— Your task —
Once the line holding "Vintage 90's Distressed" is found in the entries below, transcribe exactly every line up to and including the one holding "Meuble simple vasque", but leave out the pictures.

— Raw data —
────────────────────────────────────────

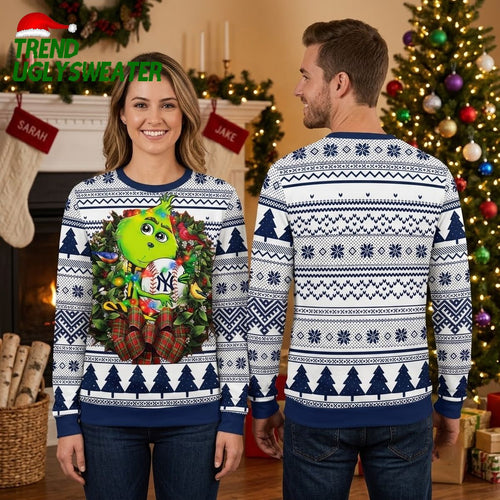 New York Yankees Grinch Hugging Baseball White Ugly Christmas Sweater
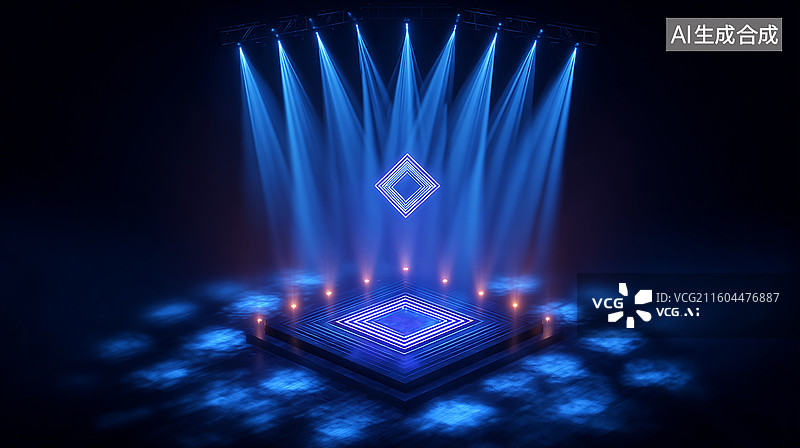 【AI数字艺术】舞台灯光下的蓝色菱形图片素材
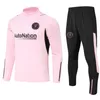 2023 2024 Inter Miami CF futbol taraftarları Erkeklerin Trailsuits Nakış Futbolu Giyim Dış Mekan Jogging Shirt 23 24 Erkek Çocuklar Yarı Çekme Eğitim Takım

────────────────────────────────────────

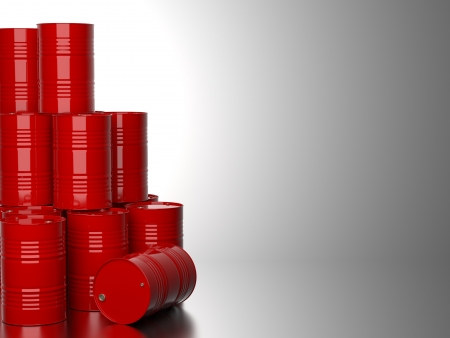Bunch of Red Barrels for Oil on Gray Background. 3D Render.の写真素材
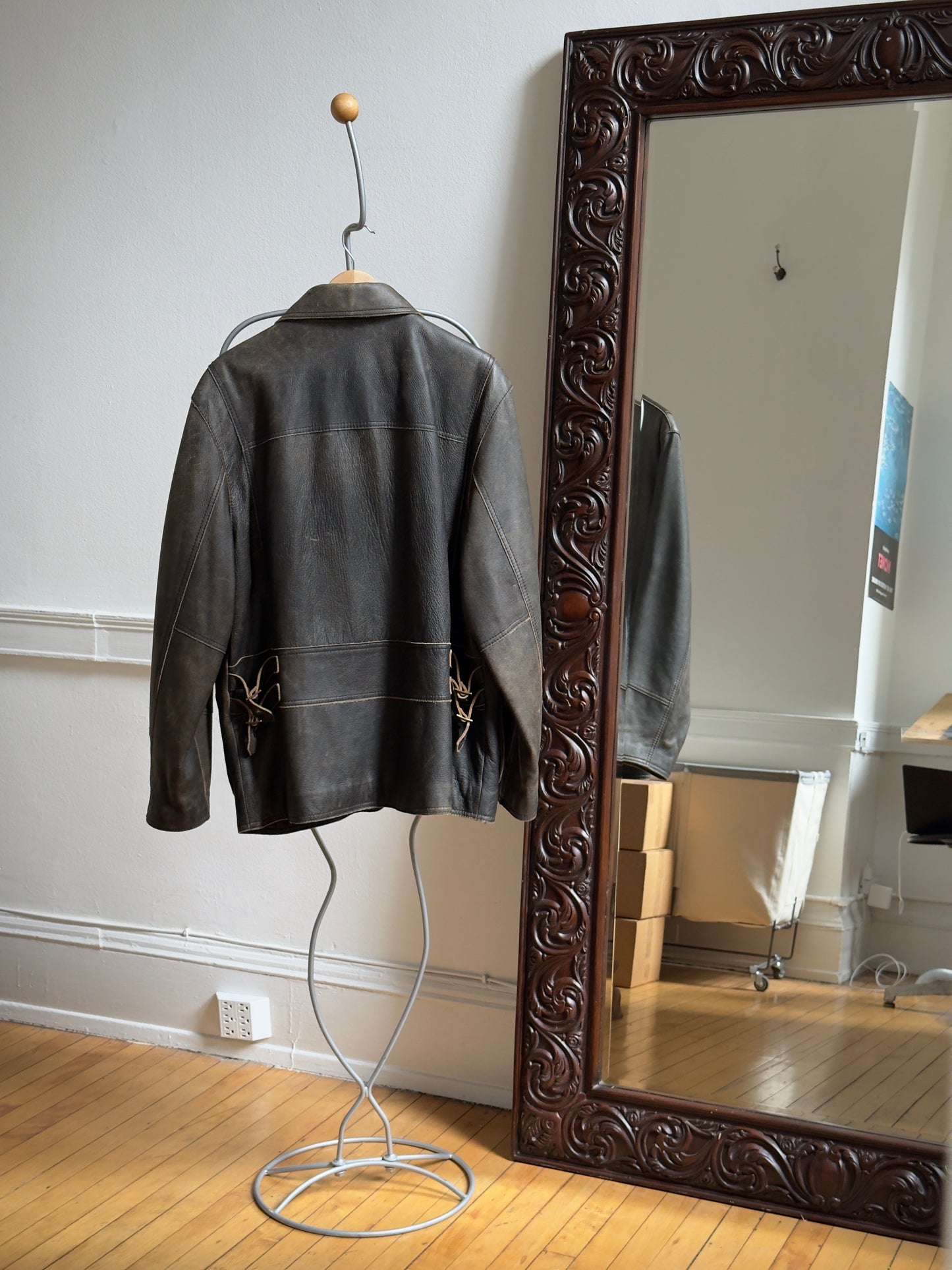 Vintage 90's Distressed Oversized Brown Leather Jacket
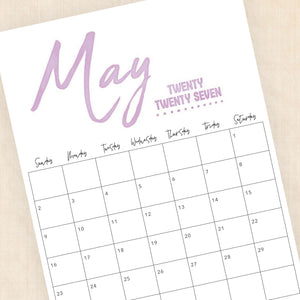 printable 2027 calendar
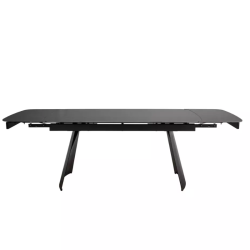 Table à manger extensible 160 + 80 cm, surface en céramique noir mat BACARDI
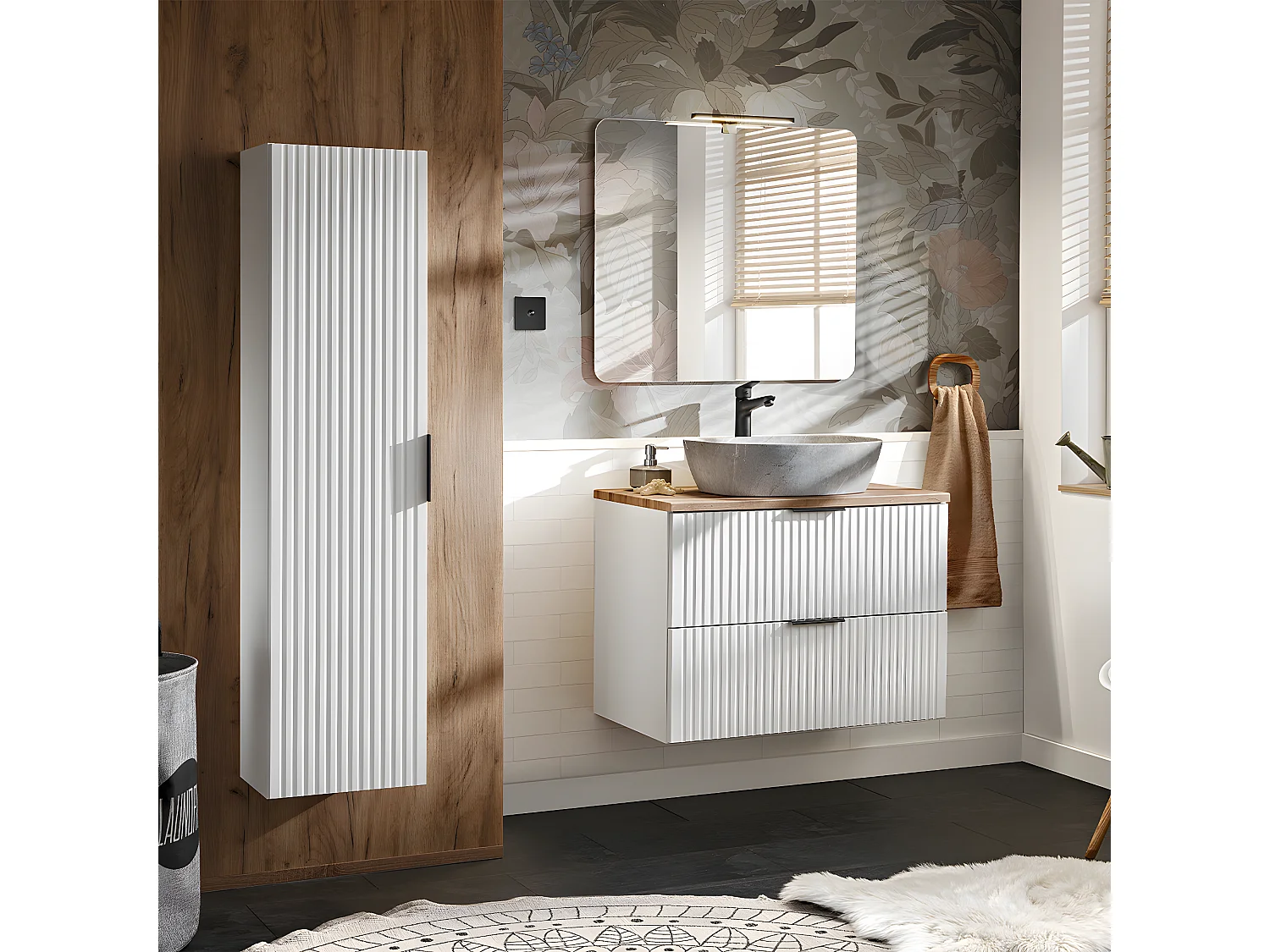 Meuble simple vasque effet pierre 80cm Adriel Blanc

────────────────────────────────────────

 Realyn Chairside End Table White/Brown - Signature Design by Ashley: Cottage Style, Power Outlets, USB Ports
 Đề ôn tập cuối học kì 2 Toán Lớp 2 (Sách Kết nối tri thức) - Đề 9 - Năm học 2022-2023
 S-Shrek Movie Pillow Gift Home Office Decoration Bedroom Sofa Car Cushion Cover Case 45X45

────────────────────────────────────────

— Written solution —
 Vintage 90's Distressed Oversized Brown Leather Jacket
 printable 2027 calendar
 Table à manger extensible 160 + 80 cm, surface en céramique noir mat BACARDI
 Meuble simple vasque effet pierre 80cm Adriel Blanc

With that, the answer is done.